Coronavirus

Ermittlung der Kontaktpersonen am Josef-Haydn-Gymnasium abgeschlossen: 200 Schülerinnen und Schüler sind in häuslicher Quarantäne


Kreis Coesfeld. Die Ermittlungsarbeit des Kreisgesundheitsamtes in Sachen Coronavirus lief in den letzten Tagen auf Hochtouren. Denn im Zuge von freiwilligen Kontrollen des Kollegiums war am Mittwoch (23. September 2020) bei einer Lehrkraft des Joseph-Haydn-Gymnasiums in Senden eine Ansteckung nachgewiesen worden. 200 Schülerinnen und Schüler des Gymnasiums wurden daraufhin als Kontaktpersonen ersten Grades eingestuft und in häusliche Quarantäne gesetzt – für 14 Tage, ab dem ersten Kontakt gerechnet. „Das ist für die Betroffenen natürlich schwierig, aber im Zuge des Infektionsschutzes leider nicht anders möglich“, betont Landrat Dr. Christian Schulze Pellengahr. Die Kontaktaufnahme durch den Kreis Coesfeld ist abgeschlossen.  

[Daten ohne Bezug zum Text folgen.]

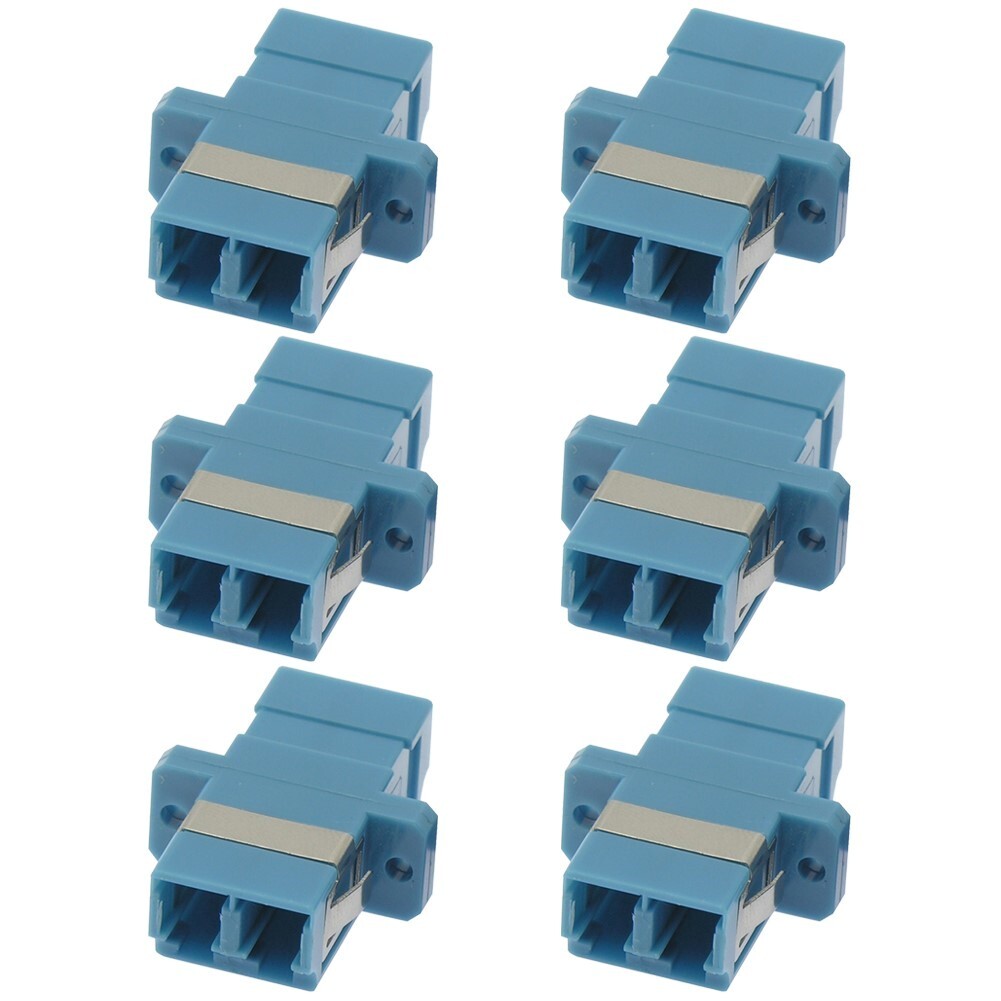 6x LC to LC Duplex Single Mode Flange Fiber Optic Optical Adapter Connector Blue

Die Gemeinde Senden übermittelt den betroffenen Schülerinnen und Schülern in den nächsten Tagen eine schriftliche Quarantäneverfügung mit weiteren Informationen und den genauen Fristsetzungen. „Für Kontaktpersonen zweiten Grades, für die Eltern und Geschwisterkinder der betroffenen Schülerinnen und Schüler wird das Infektionsrisiko nach den Vorgaben des Robert Koch Instituts (RKI) als gering eingestuft“, erläutert Dr. Heinrich Völker-Feldmann, Leiter des Kreisgesundheitsamtes. Diese Maßnahmen erfolgen nach neuen Vorgaben des RKI vom 09. September 2020.

 

Besondere Vorgaben oder Einschränkungen gibt es für diese Personengruppe derzeit nicht. „Die Sorgen der betroffenen Familien können wir voll verstehen, aber der Infektionsschutz ist überaus wichtig“, betont der Landrat.

 

Aktuell sind zwei Personen in Ascheberg positiv getestet; es gibt dort keine Querverbindungen zu vorangegangenen Fällen.